Trials sought to address this issue and in November 2019 launched a model for a new structured study protocol. Using the SPIRIT checklist as a base, the template provides a structure for authors to follow where all SPIRIT headers and element identifiers are embedded in the protocol itself. When using the template, authors have no choice but to include all of the details required by SPIRIT, all in a format easily accessible to readers. Readers benefit from the ability to search by title or article ID, which are enclosed in braces.
“For readers, that means you know what to expect and where to find it. For authors, this means you don’t have to think about what to report, or where. Follow the structure and your protocol will be a good report. – Professor Shaun Treweek
It was hoped that for those who encounter a structured study protocol as part of a systematic review or in the planning of another trial, it will be much easier to access the specific information they need. As Professor Shaun Treweek, current editor, wrote at the launch Editorial“We provide information that should be clear, comprehensive and, above all, easy to navigate.”

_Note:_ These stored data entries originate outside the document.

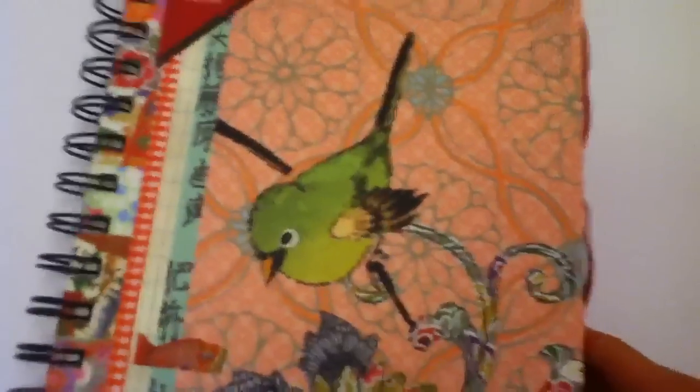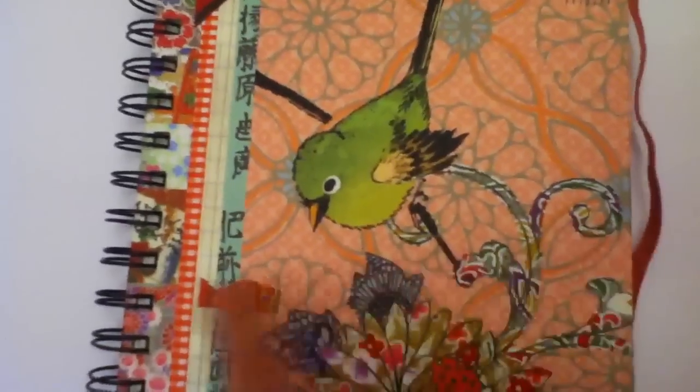Hey everyone, today I'll be showing you guys what I got. So first I got this notebook. There's a floral design and a bird. It's a spiral notebook.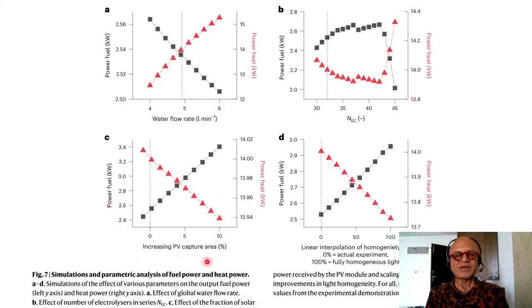Looking at the increasing PV capture area, you drop the heat conversion and increase the power fuel, which is good news — kilowatt scale for both. Looking at linear interpolation of homogeneity, zero is the actual experiment and 100% is fully homogeneous light. As you homogenize the light, the system becomes more and more efficient for producing power fuel, and conversion to heat drops to much lower levels. Numbers go from 13.7 to 14 for heat and 2.5 to 3 for fuel.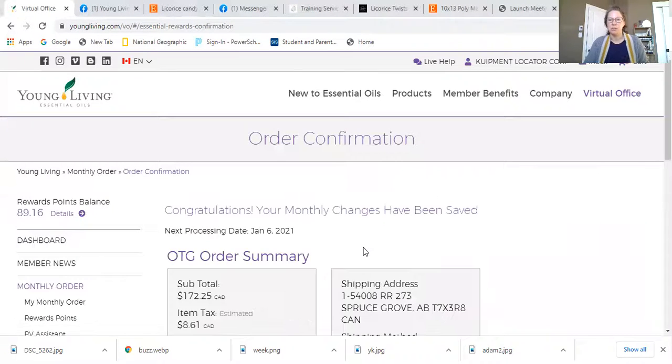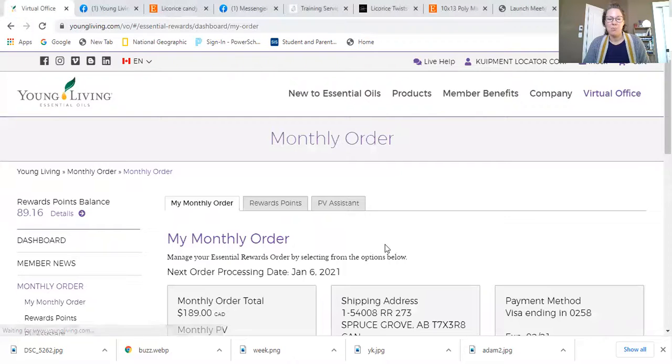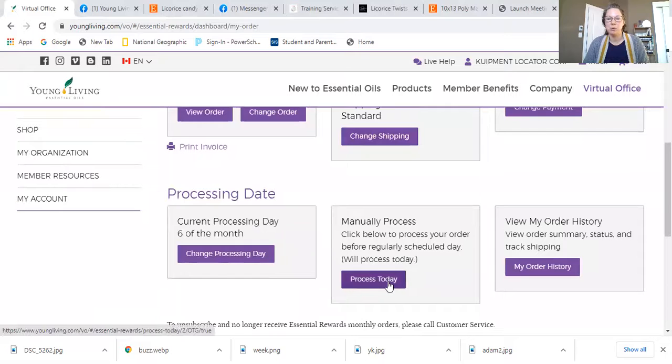You can also call in and ask for a date change. The other option is to hit process today — that means you want to get your stuff as fast as possible. You can hit manually process today and your order will ship out right away.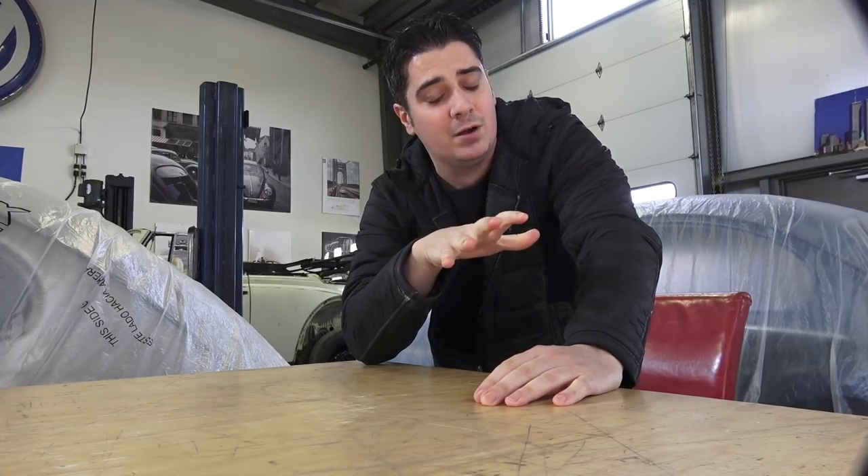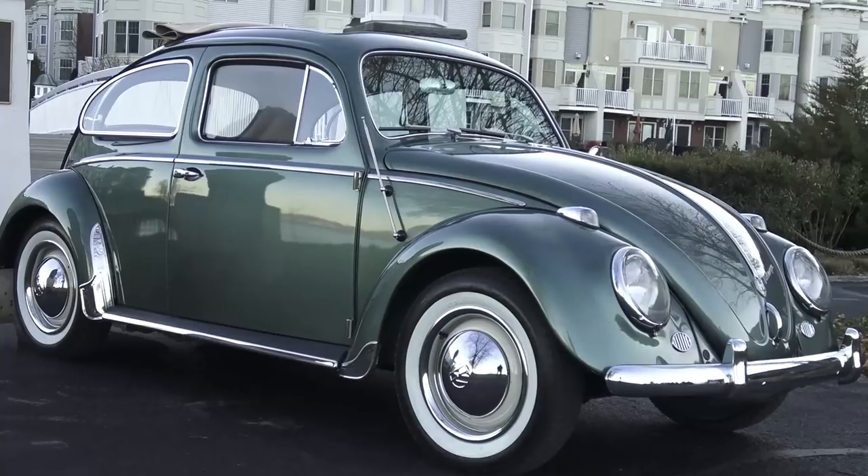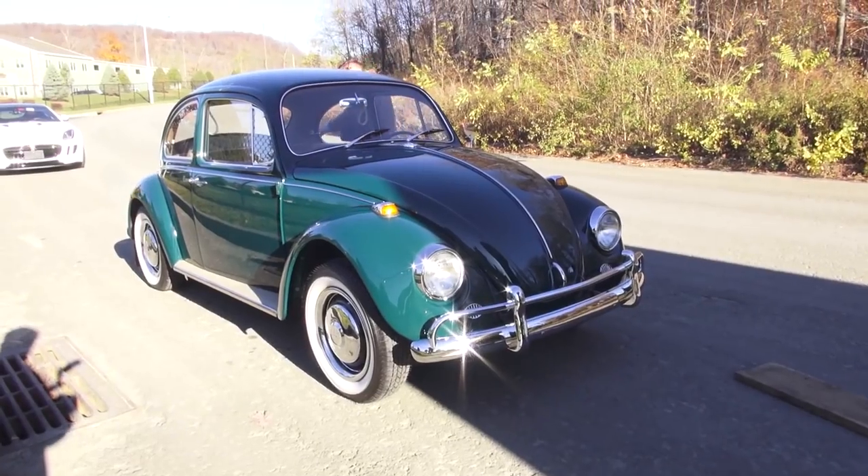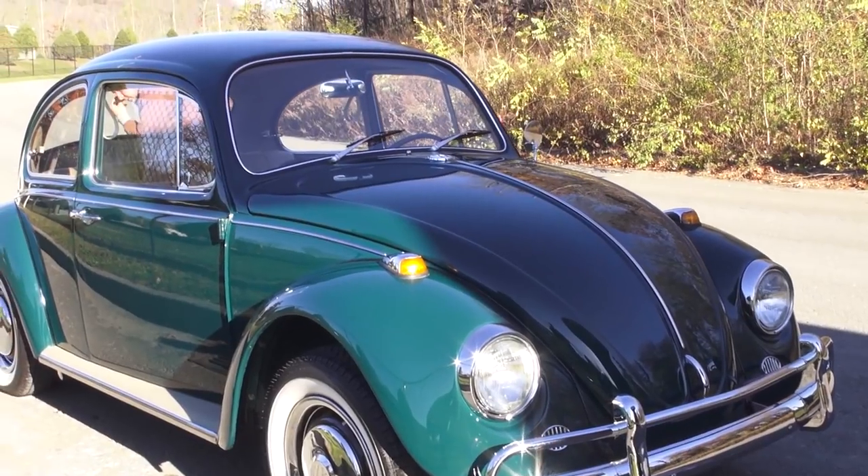Hey guys, Chris again from ClassicVWBugs.com. In this video I have a quick question from someone online who asked: I'm looking to have a bug restored and I'm on the hunt online. I'm finding a bunch of beetles out there and I don't know which one to get. I have an opportunity to get a '58, a '59, or an all-original '67 — so which one is going to be worth more in the end as an investment?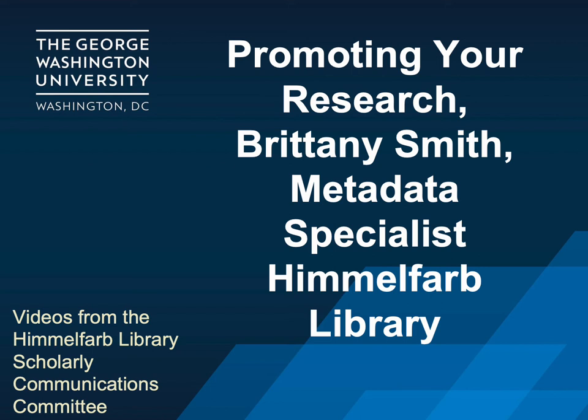Hello and welcome to the Scholarly Communications video series from the Himmelfarb Library. My name is Brittany Smith and I am the Metadata Specialist at Himmelfarb Library. Today we will briefly discuss how to promote your published research. Let's get started.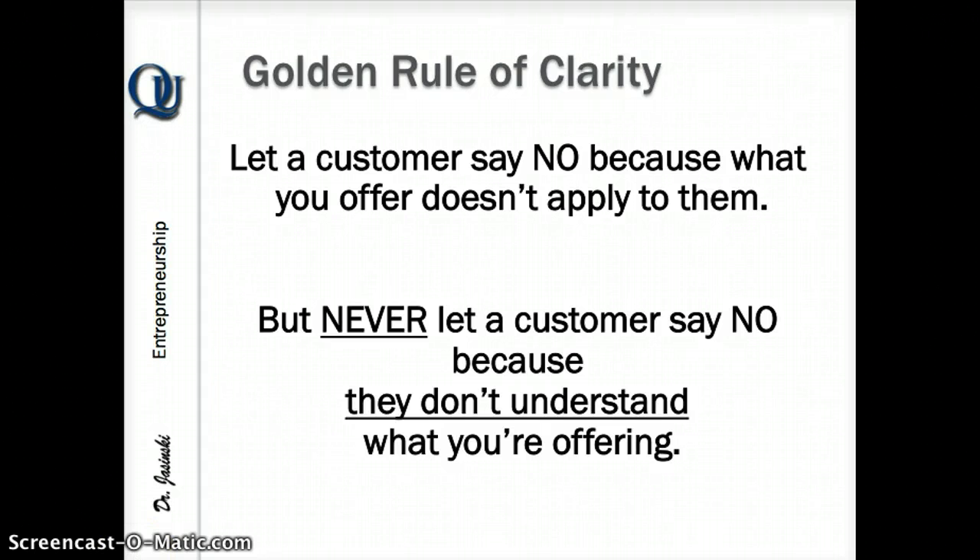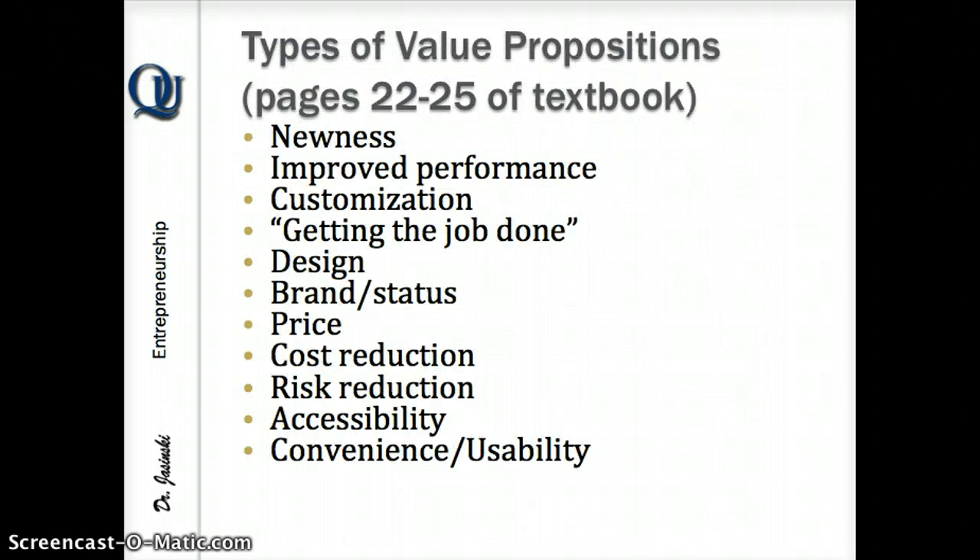Now let's talk about value propositions. You need to pick what value proposition you're offering to what particular kind of customer. This is in your textbook, pages 22 to 25. You can pick more than one as long as you've got rationale for it, and then say why you think that's your value proposition. To recap: tell us the problem or opportunity you've identified, give a quick description of your business concept, tell us the features, translate those into the top two benefits, then pick one or two value propositions from the list and explain why you chose them. Good luck.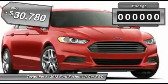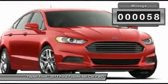This vehicle has less than 100 miles. Here are some of this vehicle's great options.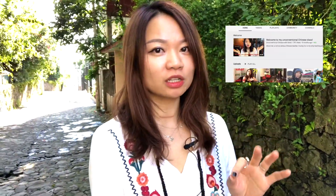I have a booklet of 100 most common Chinese characters. Subscribe to my YouTube channel, Unconventional Chinese with Karen, and I will send it to your email.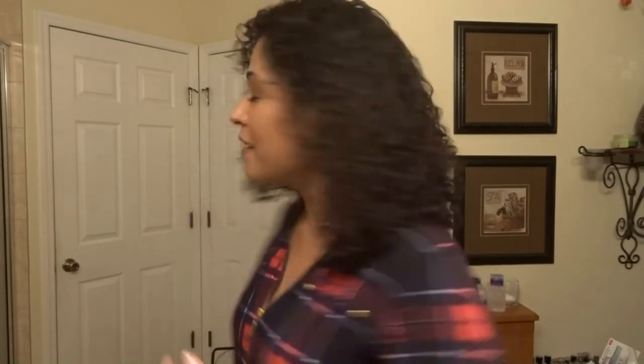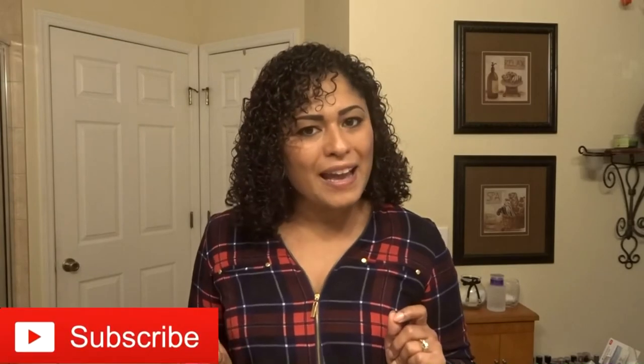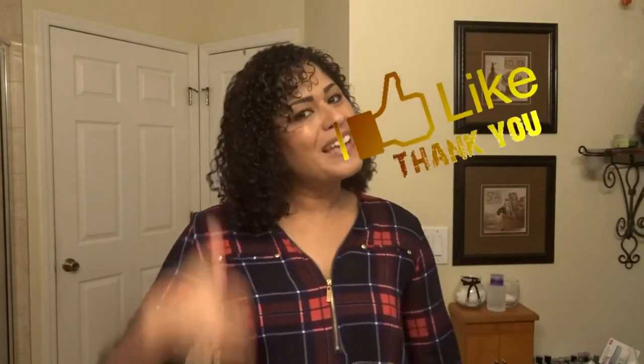Thanks for watching, guys. I hope you enjoyed that. I am going to head out to a dinner date with my hubby, so I will see you guys soon. But before I leave, don't forget to subscribe and click on that notification bell so you know when my videos are popping. And don't forget to drop a like. I'll see you guys soon, and in the meanwhile, don't forget to be blessed. Peace out.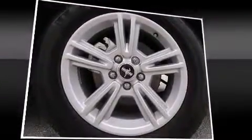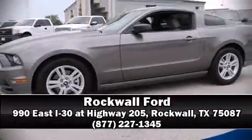Our experienced sales staff is eager to share its knowledge and enthusiasm with you. Stop in and take a test drive.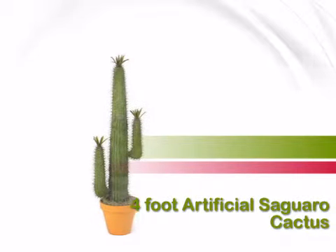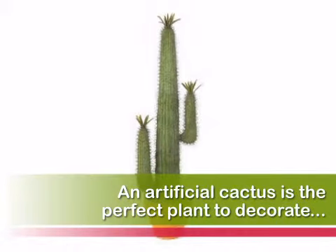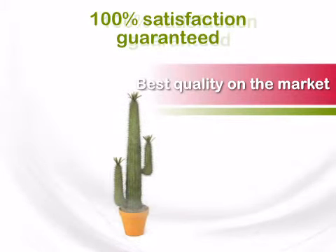Welcome to ArtificialPlantsAndTrees.com, one of the oldest and most established e-retailers of silk plants and trees. We deliver unique products with quick and easy shipping to your door.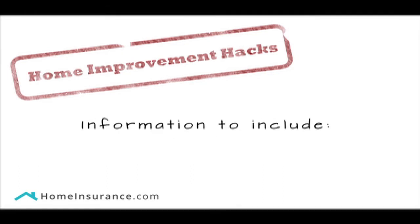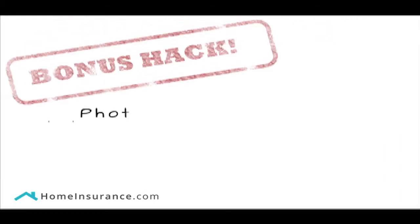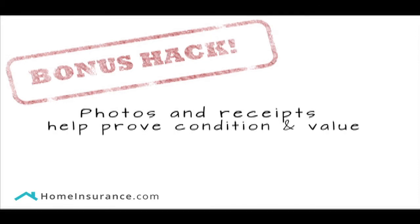When your inventory is complete, you should include an itemized list with brief descriptions, dates of purchase, model numbers, serial numbers, purchase prices, and estimated current values. It's also a good idea to keep receipts and take photos of each item so you can prove their condition and value if they're later damaged.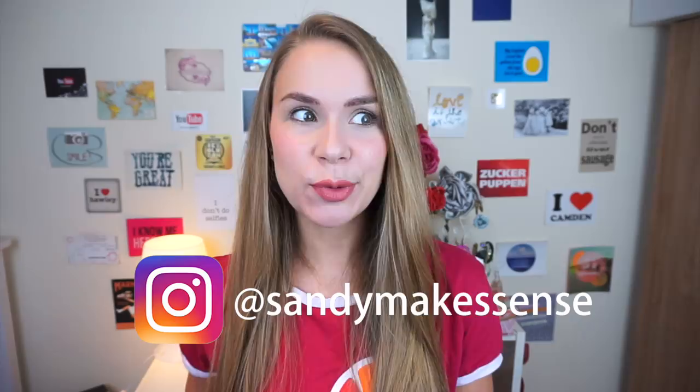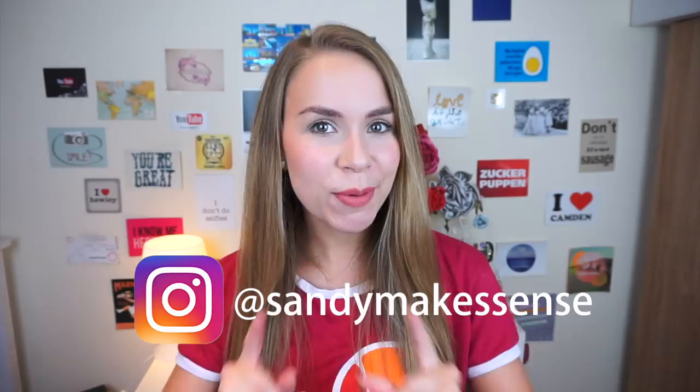Hello everybody, how are you doing? And welcome to a new video. So you guys ask me on my Instagram all the time, where in London should I live? What's the best area for me? So hopefully today we can answer this.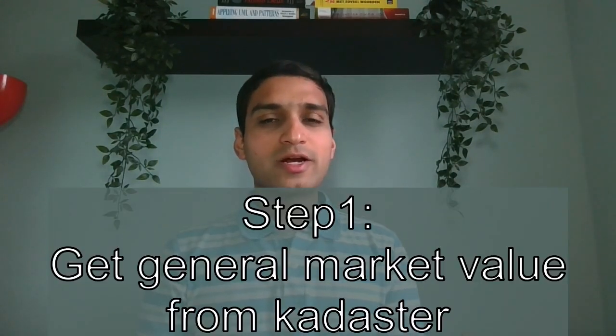Let's get started. Step number one: finding the general market value of a house from Cadastro. If you are looking for a house in the Netherlands, you are most likely browsing through Funda.nl. Many people assume that the asking prices you see on Funda are also the general market values of those houses, but I am sorry to tell you that an asking price might be far away from the actual market value.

Professor Treweek explains that trial protocols are functional tools for understanding – “The need for imagination and creativity when it comes to writing protocols should be quite limited; we are not writing a novel.
The structured study protocol template has been made downloadable in a semi-editable format from the journal’s website and, to date (May 2022), over 350 study protocols using the study protocol template structured study have been accepted for publication in Trials.
In an anonymous survey sent to members of the Trials Editorial Board on their experiences processing and reviewing study protocols, we have found that editors find that study protocols structured using the template are faster to review and that SPIRIT items are more easy to locate compared to flagged study protocol submissions using the traditional SPIRIT checklist. In addition, 100% of survey respondents would recommend using the model to their colleagues, students or collaborators to develop a study protocol.
As a result, Trials found that for study protocols submitted to the journal between January 2020 and December 2021, the average time to final editor’s decision for structured protocols is 3 weeks less than for protocol submissions. reported using the traditional SPIRIT checklist.
However, the model is not always used correctly and this can cause problems for reviewers and editors. A die Trials The protocol editors noted that “the protocol template is only better as a reviewer/editor IF the authors read, understand, and follow the guidance. I recently had a protocol and the authors had not read the guidelines and did not understand what was expected of the SPIRIT guidelines, so they had wrong or inadequate information under the items, appeared to have already written the protocol, and did not put specific information under the item headings “.
A group of protocol editors for Trials recently highlighted common pitfalls when reporting study protocols in a article published in the journal to discuss their experiences in assessing the clarity and completeness of SPIRIT reports in study protocol manuscripts.